Perhaps he studied the plight of his former teammate, Leon Powe, who declared for the draft last year and wound up not being selected until the 52nd pick, past the midway point of the second round, by Denver. Worse yet, Powe didn't play much for the team he eventually landed with, Boston, despite the Celtics being one of the worst team in the league.

Because of his history of severe injury, Powe still probably made the right choice to jump to the NBA. Hence, a more accurate comparison might have been former Cal big man Jamaal Sampson, who had an NBA body similar to Hardin's and turned pro after his freshman season at Cal.

Amazingly, Sampson is still clinging to an NBA career, but he has played for five teams in five seasons and has played in a mere 72 games total, averaging 8.8 minutes at age 25. As a fourth-year pro last season, Sampson did manage to get a contract worth nearly $800,000 from the Denver Nuggets as an injury replacement.

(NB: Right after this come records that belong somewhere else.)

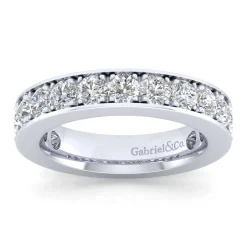 New Gabriel & Co. Padua - 14K White Gold Micro Pave Set Diamond Anniversary Band - 1.75 ct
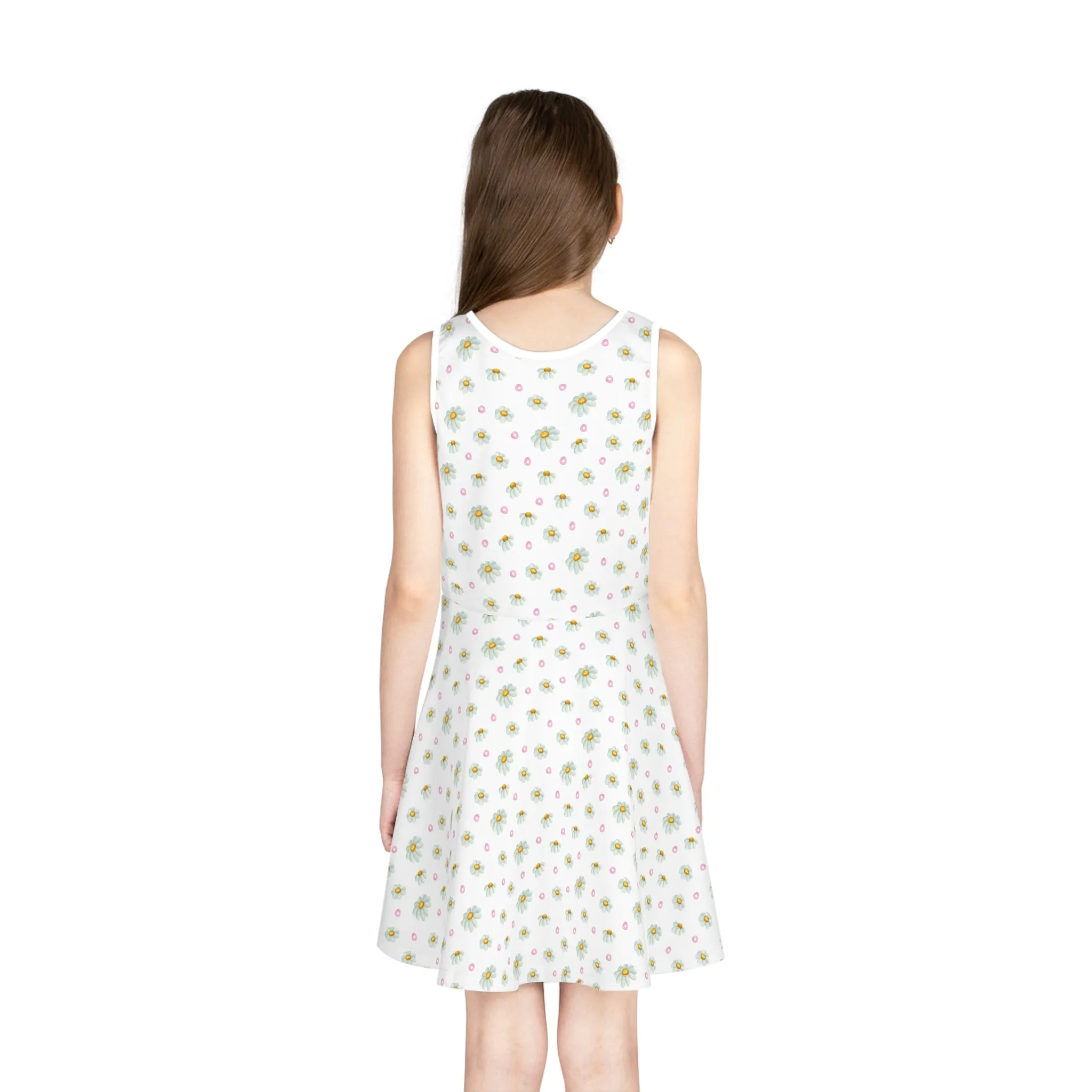 Pink Flowers Girls' Sleeveless Sundress Kiki Collection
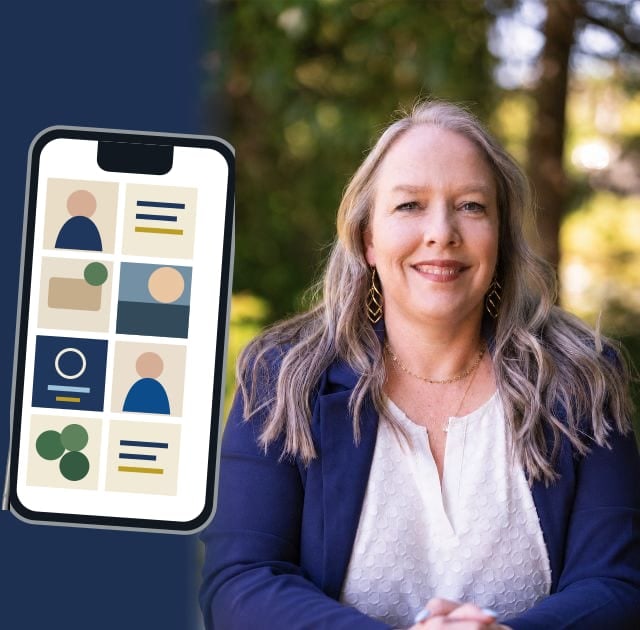 Karen Nelson beside a phone showing a professional Instagram content grid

But is that making it big in the NBA? Maybe for Sampson it is, but Hardin's prospects would seem higher with one more year of college seasoning ... and he should have his degree in hand if it turns out they aren't. He'll be set up for a good life regardless of what happens.

That said, it has to be a tempting endeavor for any young player when you start hearing your name compared to established NBA standouts. Hardin, to be sure, has some rare natural gifts — he's not only 6-11 but also plays taller because of his wingspan, leaping ability, athleticism and shot-blocking skills. Hardin has been likened to Dwight Howard and Ben Wallace in some draft projections.

The reality is that he lacks Howard's offensive polish and hasn't consistently demonstrated he can be a defensive and rebounding force like Wallace ... yet. One more season in college could get him a lot closer, though, possibly into the NBA lottery.

The difference financially between a 20th pick and a 10th pick over the course of the first three years is roughly double the dollar amount, and the fourth-year option and fifth-year qualifying offer take the earning potential of a higher pick to an even greater extreme.

Of course, the difference between being the 10th pick and the 30th pick widens the gap even more, and Hardin's odds of being the 30th pick were probably greater than going No. 20 or higher. 

All in all, his decision was pretty much a no-brainer, but then again, we've seen so many young prospects make the jump with little or no brains behind their decision with disastrous results.

It's nice to know the draft-declaration system still works for players who can weigh their options a little more creatively and objectively. Hardin probably enhanced his draft status just by giving teams a closer look at him, both as a player and as a person.

Yes, maybe the Warriors might have taken him with the No. 18 pick. But let's be honest, in Andris Biedrins they have a 21-year-old center with a bright future who's not going anywhere, and they also drafted 7-foot Patrick O'Bryant last year, and Bryant spent much of the year playing in the developmental league.

Hardin surely came to the realization that he will be far better off playing in the Pac-10 than the D League or keeping some NBA bench warm. He may be a little poorer, but it'll only be temporary, and he's going to have a lot more fun having made this call. Good work, DeVon. Smarter than ever.